Tasting vom 04.10.2018
Die Idee, den Wein des vergangenen Herbstes zu trinken, muss Adligen und Bürgern früherer Jahrhunderte eher absonderlich vorgekommen sein. Nicht von ungefähr bezeichnet der »Heurige« eine Gattung, die aus der bäuerlichen Lebensart stammt. Hochwertige Weine – gerade auch weiße – benötigten Zeit im Fass, um sich zu klären und kleinere Unebenheiten abzuschleifen. Erst als im 20. Jahrhundert der Schichtenfilter erfunden war und als schließlich immer mehr Möglichkeiten der technischen Einflussnahme aufkamen – von der Temperaturkontrolle über die Reinzuchthefe bis zum Schönungsmittel –, wurden Weine so herstellbar, dass sie schon in ihrer Jugend einen gewissen Appeal verströmten.
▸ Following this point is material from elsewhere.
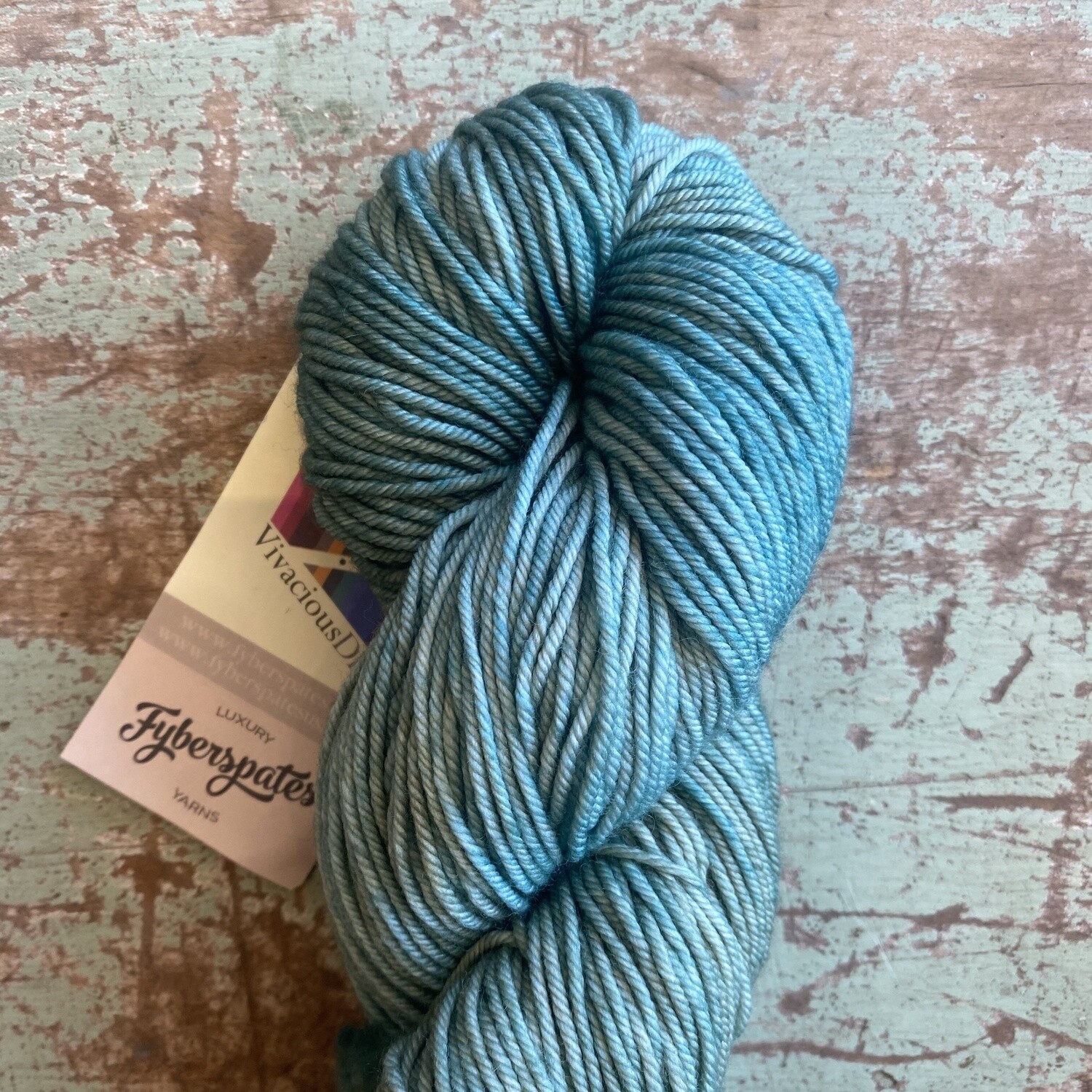 Fyberspates Vivacious DK, Colour: Sea Glass 826
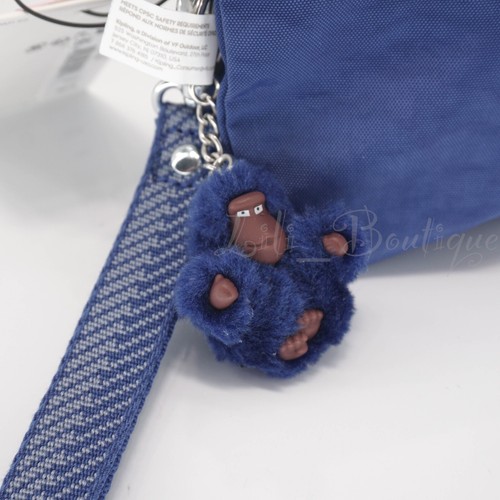 Kipling Creativity XL Extra Large Pouch AC7318 Polyamide Navy Mist WB $49 NWT - Picture 7 of 9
Vielleicht brauchte es erst ein Übermaß an Technologiegläubigkeit, um sich nun darauf zurückzubesinnen, dass keine noch so raffinierte Turbo-Vinifikation dem langsamen Reifenlassen des Weins im Fass das Wasser reichen kann. Moderne Reserve-Weine verbinden die Präzision heutigen Rebbaus mit althergebrachten Kellertechniken. Meist lagern diese Weine etwa zwei Jahre im Fass. Übrigens verkörpern sie dann auch den Terroir-Gedanken besonders prägnant, da sich mit der Reife in der Regel auch der Lagencharakter eines Weins verstärkt. Dasselbe gilt auch für jene Weine, die zwar nach einer »normalen« Reifezeit von sechs bis zwölf Monaten abgefüllt werden, dann aber noch vor dem Verkauf auf der Flasche weiterreifen dürfen.